Ashish Kamat: Yeah, no, exactly. Because some of the follow-up data from RETAIN suggests that the non–muscle-invasive recurrences, even though they are truly non–muscle-invasive, actually end up with metastases. So there's something about the biology of that tumor.
Marie-Pier St‑Laurent: Yeah.
Ashish Kamat: And then the other question I had is, you obviously currently designed it in the era of current therapies. But with NIAGARA obviously having had a positive readout and it potentially being approved even in Canada for use, are you considering the post-CCR achievement?
Marie-Pier St‑Laurent: Adjuvant?
Ashish Kamat: Yeah, exactly. Are you going to allow patients to continue on adjuvant therapy as part of the study, or do they fall off?
Marie-Pier St‑Laurent: Yeah, good question again. So the way it is kind of designed, it's a restaging platform and treatment allocation, and it is not an investigation of systemic therapy. So if a patient is in that, let's say, sandwich—perioperative chemo‑IO with a subsequent couple of cycles of adjuvant—they will go on that, so therefore meaning to receive those adjuvant cycles. So it will be allowed. It will be encouraged that the patients, if they are in this CR response, to go on with this.
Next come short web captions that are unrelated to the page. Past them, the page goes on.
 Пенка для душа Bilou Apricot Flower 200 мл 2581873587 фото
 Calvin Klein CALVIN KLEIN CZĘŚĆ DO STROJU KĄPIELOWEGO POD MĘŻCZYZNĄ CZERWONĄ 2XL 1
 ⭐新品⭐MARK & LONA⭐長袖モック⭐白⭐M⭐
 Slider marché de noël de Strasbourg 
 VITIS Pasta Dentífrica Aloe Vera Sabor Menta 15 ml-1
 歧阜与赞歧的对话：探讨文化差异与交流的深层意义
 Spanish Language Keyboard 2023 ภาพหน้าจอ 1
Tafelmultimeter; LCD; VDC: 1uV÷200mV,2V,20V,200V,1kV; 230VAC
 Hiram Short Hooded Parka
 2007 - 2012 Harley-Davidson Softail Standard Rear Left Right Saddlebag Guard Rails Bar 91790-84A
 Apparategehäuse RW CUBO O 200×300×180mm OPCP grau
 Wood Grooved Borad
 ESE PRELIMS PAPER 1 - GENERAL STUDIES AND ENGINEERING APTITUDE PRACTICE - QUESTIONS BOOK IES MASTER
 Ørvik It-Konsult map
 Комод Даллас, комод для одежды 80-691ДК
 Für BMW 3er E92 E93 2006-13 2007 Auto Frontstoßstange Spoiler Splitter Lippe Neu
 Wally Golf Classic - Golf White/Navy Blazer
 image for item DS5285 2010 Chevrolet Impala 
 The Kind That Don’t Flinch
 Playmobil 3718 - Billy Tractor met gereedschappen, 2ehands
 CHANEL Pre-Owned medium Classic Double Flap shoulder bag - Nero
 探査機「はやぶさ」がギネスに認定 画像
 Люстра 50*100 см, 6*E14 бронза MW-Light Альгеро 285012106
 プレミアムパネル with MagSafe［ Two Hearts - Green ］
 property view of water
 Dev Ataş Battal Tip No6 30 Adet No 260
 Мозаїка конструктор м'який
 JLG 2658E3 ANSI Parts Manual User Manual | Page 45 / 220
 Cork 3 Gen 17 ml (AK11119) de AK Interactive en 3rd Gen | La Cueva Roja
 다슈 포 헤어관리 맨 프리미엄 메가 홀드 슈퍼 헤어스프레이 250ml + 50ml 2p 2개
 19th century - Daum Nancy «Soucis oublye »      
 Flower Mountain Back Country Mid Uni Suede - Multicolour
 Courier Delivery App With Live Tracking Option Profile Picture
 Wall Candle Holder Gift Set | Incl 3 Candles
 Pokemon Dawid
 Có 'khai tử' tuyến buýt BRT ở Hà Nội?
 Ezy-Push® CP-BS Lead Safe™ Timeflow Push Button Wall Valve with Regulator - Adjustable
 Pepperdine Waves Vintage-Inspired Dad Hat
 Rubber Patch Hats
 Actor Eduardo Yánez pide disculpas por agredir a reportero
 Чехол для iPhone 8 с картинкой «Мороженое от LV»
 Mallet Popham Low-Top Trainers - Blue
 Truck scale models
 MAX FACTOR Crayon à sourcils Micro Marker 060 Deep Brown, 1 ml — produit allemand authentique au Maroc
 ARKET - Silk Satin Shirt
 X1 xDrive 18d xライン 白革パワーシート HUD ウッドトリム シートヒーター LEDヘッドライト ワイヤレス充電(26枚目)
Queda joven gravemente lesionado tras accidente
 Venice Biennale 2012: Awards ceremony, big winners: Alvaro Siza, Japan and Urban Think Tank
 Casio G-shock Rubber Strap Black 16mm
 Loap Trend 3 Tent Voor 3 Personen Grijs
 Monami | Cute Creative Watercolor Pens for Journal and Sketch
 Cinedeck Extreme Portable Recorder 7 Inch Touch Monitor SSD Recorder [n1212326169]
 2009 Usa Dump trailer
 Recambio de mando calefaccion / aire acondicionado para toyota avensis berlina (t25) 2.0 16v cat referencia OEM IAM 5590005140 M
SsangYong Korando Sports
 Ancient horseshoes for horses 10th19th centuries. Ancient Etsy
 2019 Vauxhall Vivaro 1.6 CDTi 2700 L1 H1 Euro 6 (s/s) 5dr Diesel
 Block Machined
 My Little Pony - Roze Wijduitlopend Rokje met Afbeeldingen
Obviously, we'll make the data perhaps a little bit more—not messy, but we'll have to do some stratification in the response we have, and see the results depending on how many patients received which type of regimen. But it will be allowed to go on. And obviously, the same way if you have a nonresponder that fits the IO adjuvant criteria, if they had a cisplatin‑based regimen and they should receive adjuvant immunotherapy following, we'll recommend them to go for that. Yeah.
Ashish Kamat: Right. Well, like I said, congratulations on the trial design. Do you know when your first patient might be enrolled?
Marie-Pier St‑Laurent: I don't know yet. So I hope really soon. Actually, I'm about to finish signing some of our contracts in operations to get the approval. It's a bit of a logistics issue because we made this trial out to be somewhat centralized in Vancouver, but I want patients to be from all over the province to be eligible so that they can receive the standard of care up north if they're from a more rural community. But we can simply organize more regionally in Vancouver. So that just requires a bit more steps in logistics, but hopefully, it will increase the diversity of the patients we're going to be treating and actively enroll.
Ashish Kamat: Yeah, no, that's critical. And believe it or not, we have patients who listen to UroToday videos as well. If any patients from your regions are listening, you know where to find the trial.
Marie-Pier St‑Laurent: Yeah, always, Vancouver. Thank you so much for the invitation.